A NIMHANS study, put together in 2008, had pointed out the various ways in which wearing a helmet can reduce the impact of collision in case of an accident; the thermocole lining inside helmets provides a cushioning effect to the skull, and the hard metal shell prevents sharp objects from piercing it. Helmets also serve as a mechanical barrier between the skull and the impacting object, which greatly reduces injury to the brain.

However, despite this, several two-wheeler riders in the City ignore the law and don’t bother to wear a helmet while driving.
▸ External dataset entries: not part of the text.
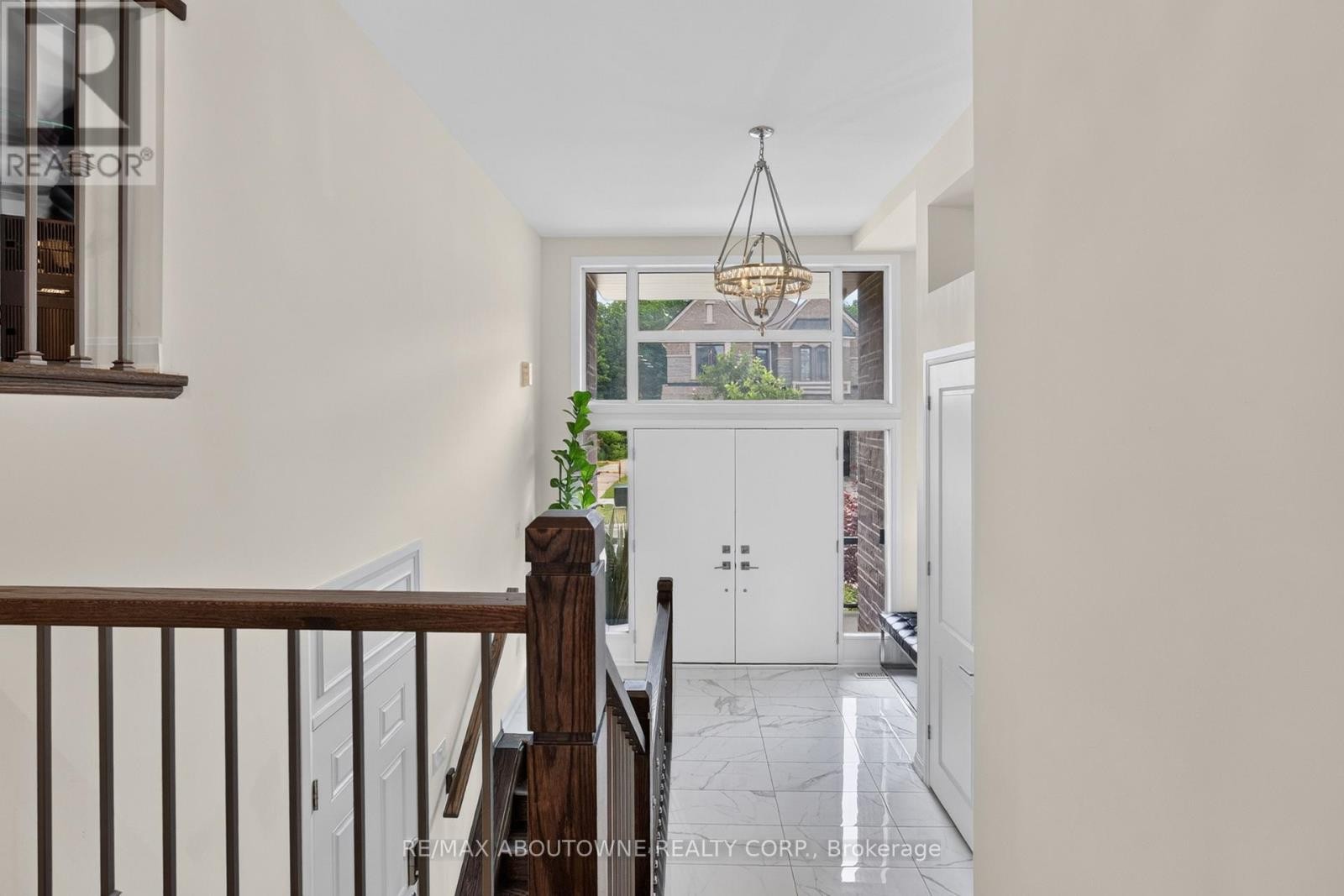 












3364 VERNON POWELL DRIVE

,
Oakville (GO Glenorchy),




Ontario
L6H0Y3

Although helmet usage has increased by twelve times in the period between 2005 and 2008, many of the helmets being used are either half helmets or damaged ones, which don’t provide adequate protection in the event of a crash.

Panner Selvean, who works as a manager at Vijaya Bank, says that he notices a majority of Bangaloreans wearing helmets while driving two-wheelers, although the same can’t be said for those riding pillion. “Some people are not happy using helmets as they can cause discomfort and neck pain, and in such cases, doctors may advise one not to wear them. Even lawyers, who are well aware about the regulations, often choose not to wear them for these reasons. But still, the police try and impose their conditions on people, which can be very inconvenient,” he says.

Ramya Venkatesh, a second year B Com student at Bangalore University, says that she has often noticed both the drivers of two-wheelers and those sitting pillion opting not to wear a helmet. There have been many occasions where she has seen policemen stop these riders and inspect their licences, although she believes that a simple bribe is enough to avoid any serious repercussions.

“I drive a two-wheeler and personally feel that helmets are very important for safety reasons. I always wear one myself. The full helmets can get very uncomfortable and heavy, though. So I prefer a half helmet,” she says.

Souvik, an engineer, also drives a two-wheeler and considers wearing a helmet a must. He adds that he does not find them uncomfortable or inconvenient in any way. “I have often noticed pillion riders not wearing helmets, and this is definitely a potential safety hazard. Sometimes, the police might catch them but often, they simply collect a fine and let the offender go without giving them a notice,” he says.